TASK PROMPT
Below are some records; quote exactly the lines from the one that contains "Striped Color Block" through the one that contains "Commode K-140 6", inclusive, and no others.

*** INPUT ***

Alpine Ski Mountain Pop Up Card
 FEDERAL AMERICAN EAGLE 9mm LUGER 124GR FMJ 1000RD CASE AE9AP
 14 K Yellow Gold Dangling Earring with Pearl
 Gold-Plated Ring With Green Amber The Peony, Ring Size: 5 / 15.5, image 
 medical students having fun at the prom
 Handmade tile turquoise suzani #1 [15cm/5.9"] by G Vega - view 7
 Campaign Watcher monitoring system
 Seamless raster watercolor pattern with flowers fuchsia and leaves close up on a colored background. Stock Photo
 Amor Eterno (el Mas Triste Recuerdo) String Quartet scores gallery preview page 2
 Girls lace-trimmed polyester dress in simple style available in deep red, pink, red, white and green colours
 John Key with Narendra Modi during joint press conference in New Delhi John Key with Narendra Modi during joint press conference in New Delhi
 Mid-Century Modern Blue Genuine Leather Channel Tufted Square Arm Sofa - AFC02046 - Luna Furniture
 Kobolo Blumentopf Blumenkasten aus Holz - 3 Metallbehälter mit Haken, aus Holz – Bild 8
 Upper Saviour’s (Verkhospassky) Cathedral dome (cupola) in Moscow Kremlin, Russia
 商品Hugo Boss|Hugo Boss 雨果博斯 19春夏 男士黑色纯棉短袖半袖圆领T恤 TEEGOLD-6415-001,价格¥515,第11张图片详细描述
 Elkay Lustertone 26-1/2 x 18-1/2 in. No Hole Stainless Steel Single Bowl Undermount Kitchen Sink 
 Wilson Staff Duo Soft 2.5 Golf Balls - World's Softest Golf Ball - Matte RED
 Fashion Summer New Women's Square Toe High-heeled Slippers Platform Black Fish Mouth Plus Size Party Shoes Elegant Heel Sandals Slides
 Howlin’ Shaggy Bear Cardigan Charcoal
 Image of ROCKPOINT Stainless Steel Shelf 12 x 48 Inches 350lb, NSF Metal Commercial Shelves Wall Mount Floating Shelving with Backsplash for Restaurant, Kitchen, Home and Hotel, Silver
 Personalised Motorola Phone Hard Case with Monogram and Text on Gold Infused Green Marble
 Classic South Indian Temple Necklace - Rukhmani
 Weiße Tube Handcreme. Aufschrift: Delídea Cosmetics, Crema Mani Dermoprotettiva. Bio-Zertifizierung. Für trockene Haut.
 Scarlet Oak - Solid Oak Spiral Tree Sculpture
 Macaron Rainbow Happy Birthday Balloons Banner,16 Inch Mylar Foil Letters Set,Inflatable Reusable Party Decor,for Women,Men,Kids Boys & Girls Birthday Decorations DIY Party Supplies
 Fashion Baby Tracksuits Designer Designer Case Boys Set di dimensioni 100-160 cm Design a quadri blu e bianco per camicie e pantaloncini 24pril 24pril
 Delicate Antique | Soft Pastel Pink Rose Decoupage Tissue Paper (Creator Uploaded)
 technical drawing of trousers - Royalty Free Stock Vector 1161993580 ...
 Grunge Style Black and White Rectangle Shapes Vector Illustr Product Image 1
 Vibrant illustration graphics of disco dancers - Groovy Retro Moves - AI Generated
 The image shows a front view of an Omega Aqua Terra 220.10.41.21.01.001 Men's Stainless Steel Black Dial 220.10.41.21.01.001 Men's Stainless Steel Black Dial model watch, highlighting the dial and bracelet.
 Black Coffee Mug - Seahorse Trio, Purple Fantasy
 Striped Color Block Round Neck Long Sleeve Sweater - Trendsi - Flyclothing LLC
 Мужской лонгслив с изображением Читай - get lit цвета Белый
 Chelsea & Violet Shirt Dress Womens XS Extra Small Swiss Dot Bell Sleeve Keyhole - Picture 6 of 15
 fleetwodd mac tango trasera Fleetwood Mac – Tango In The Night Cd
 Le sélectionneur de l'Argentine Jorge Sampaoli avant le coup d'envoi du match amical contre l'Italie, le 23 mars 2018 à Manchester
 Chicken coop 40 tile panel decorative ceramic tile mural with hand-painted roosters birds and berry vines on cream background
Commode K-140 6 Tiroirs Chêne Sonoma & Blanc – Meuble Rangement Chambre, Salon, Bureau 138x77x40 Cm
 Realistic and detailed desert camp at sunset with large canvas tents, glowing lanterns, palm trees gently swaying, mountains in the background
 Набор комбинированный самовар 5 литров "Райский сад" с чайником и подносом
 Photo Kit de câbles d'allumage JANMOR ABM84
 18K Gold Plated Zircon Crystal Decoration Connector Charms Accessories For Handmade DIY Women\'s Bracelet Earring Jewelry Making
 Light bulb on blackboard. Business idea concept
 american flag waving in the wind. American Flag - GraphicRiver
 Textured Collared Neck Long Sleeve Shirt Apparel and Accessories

*** End of INPUT ***

RESPONSE TO THE EXERCISE
 Striped Color Block Round Neck Long Sleeve Sweater - Trendsi - Flyclothing LLC
 Мужской лонгслив с изображением Читай - get lit цвета Белый
 Chelsea & Violet Shirt Dress Womens XS Extra Small Swiss Dot Bell Sleeve Keyhole - Picture 6 of 15
 fleetwodd mac tango trasera Fleetwood Mac – Tango In The Night Cd
 Le sélectionneur de l'Argentine Jorge Sampaoli avant le coup d'envoi du match amical contre l'Italie, le 23 mars 2018 à Manchester
 Chicken coop 40 tile panel decorative ceramic tile mural with hand-painted roosters birds and berry vines on cream background
Commode K-140 6 Tiroirs Chêne Sonoma & Blanc – Meuble Rangement Chambre, Salon, Bureau 138x77x40 Cm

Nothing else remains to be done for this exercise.